Medium Cool, who’s title was taken from a quote by cultural and media writer, Marshall McLuhan is directed by an established director of cinematography, Haskell Wexler who made just a handful of feature films as a director and first directorial effort this was; he had been the cinematographer on some key films of the decade including In the Heat of the Night and The Thomas Crown Affair (both 1967). The camera is at the centre of this film, it is the eye and observer of the world. The films protagonist, a news cameraman (Robert Forster) is slowly becoming morally indignant with his work. Although not mentioned in the extras, this character is the direct relation to Marcello Mastroianni’s celebrity journalist in Fellini’s La Dolce Vita (1960) as he suffers his ennui at his chosen profession. The film opens with a car crash that has just occurred on a highway under an overpass. We see the wrecked vehicle crashed in a central reservation with the body of a young woman, clearly dead sprawled outside the car. The camera crew come in and film the piece for their news story. Later they discuss the ethics of their profession. Among other sequences that follow we see a fall out parade of the Illinois National Guard, filmed throughout in the cinema verité style so popular amongst such auteurs as Jean-Luc Godard (there is much similarity here to Godard’s style of filmmaking). While going through this moral and ethical crisis, the cameraman, John Cassellis befriends a poor young woman who has recently become separated from her husband and lives with her son Harold having recently moved to Chicago from West Virginia. She lives in a projects housing estate and is struggling to get by but he is growing closer to them. The film has a poignant conclusion as Cassellis attends a rapturous Democratic Party Convention (are they anything else in the US?) while the mother of Harold searches for her son and becomes caught up in a demonstration that turns violent. In true cinema verité style the convention, the protest and the riot were not orchestrated but real.

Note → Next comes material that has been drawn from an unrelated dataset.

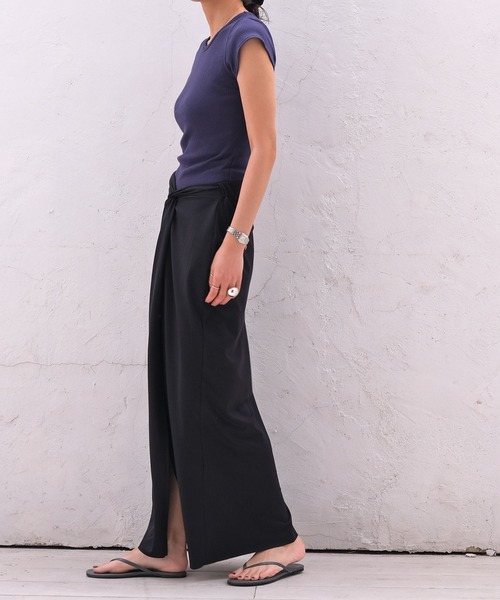 AKTE（アクテ）の「フロントツイストビーチスカート（スカート・レディース・アイボリー/ブラック・1/2）」の11枚目の写真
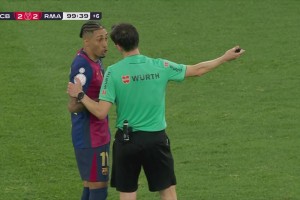 没有点球！拉菲尼亚倒地主裁判罚点球！查看VAR后改判假摔+染黄！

Medium Cool was made at the height of these political tensions in the US as the optimism of the 1960s turned to the pessimism of the 1970s. There were a number of films that were outside of the mainstream that treaded on similar territory including Zabriskie Point and The Strawberry Statement (both 1970) both dealing with student protest or there is the Hollywood fantasy, Alex in Wonderland (also 1970) which also ends with a riot. This is a very unusual film, even for its time and made even more so in that this was a directorial debut for an established cinematographer, a film that is clearly reflexive towards its subject and to be critical does drift away from its focus from time to time. As is normally the case with Eureka! Masters of Cinema there are many meaty extras including the well-illustrated booklet. The discs acknowledge Wexler the cameraman as much as Wexler the director. One of the extras on the disc is Haskell Wexler going through the different cameras he used in the film and how with the still cumbersome and heavy cameras he was able to get up close and personal with his subjects. Another documentary at almost an hour long, ‘Look Out Haskell, it’s Real!’, lines taken from the film itself. Another jaw droppingly fascinating short documentary is one about the actor who played the boy Harold in the film, Harold Blankenship. Blankenship comes from a split West Virginia backwoods family and lives on a dirt poor farm. Medium Cool was the only film he made and the documentary shows his life and how, if at all being in the film affected him. It is more of a reflection of growing older than anything. Unfortunately much he has to say is illegible due to his strong accent and missing teeth. Medium Cool is shot in with a 1080p presentation of the film on Blu-ray from the 4K digital film transfer that has been approved by the director, it still looks a little grainy which does suit it. It is an odd film maybe but in an age where civil unrest and many of the issues still exist it remains very poignant.